Françoise David nous rappelait, dans une lettre ouverte parue dernièrement, que, lorsqu’il s’agit de rémunérer adéquatement la très grande majorité de femmes travaillant dans les hôpitaux, les CHSLD, les CLSC, les écoles et dans d’autres services publics, le gouvernement trouve ça trop cher. Ce n’est pas parce que nous sommes dévouées que nous accepterons des conditions de travail inférieures.
Plus insidieux encore, dans la réforme Dubé, sous couvert d’efficacité, se cache plutôt du contrôle.
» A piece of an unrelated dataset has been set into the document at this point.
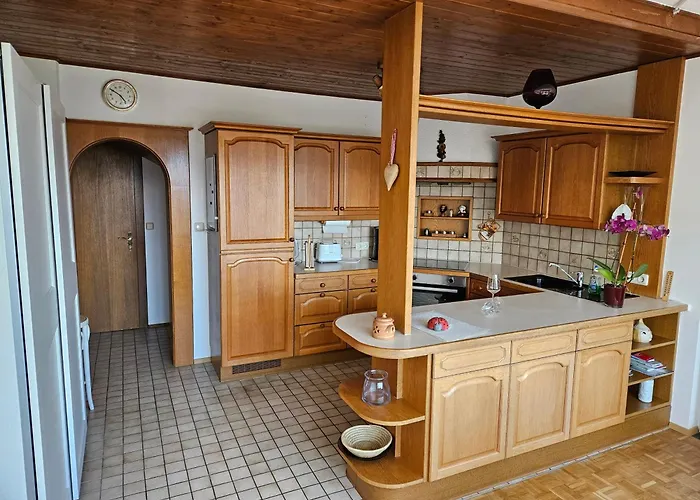 דירה Haus Am Huegel מילסטאט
Comme dans les réformes précédentes, on nous impose un mode de gestion inspiré de l’entreprise privée, qui centralise les décisions et qui vise à micromanager notre travail, faisant fi de l’autonomie professionnelle. En imposant un cadre de travail de plus en plus rigide, parfois même chronométré, les femmes n’ont plus d’espace pour innover, pour exercer leur autonomie et pour prendre le temps avec les usagères et les usagers. Elles doivent rendre des comptes et remplir de la paperasse au lieu d’offrir les soins et les services humainement. Quelle perte de temps, d’argent et d’énergie !
La réforme Dubé propose de nous déposséder des espaces démocratiques qui nous permettaient, à titre d’employées, mais aussi d’utilisatrices des services publics, de mettre à profit nos connaissances et nos expériences. Comme si des « top guns » du privé (encore des hommes ?), au sein d’une agence dans des bureaux à Québec, allaient mieux savoir que nous, sur le terrain, comment améliorer l’accès aux soins et aux services. On veut nous commander d’en haut. Notre travail perd de son sens.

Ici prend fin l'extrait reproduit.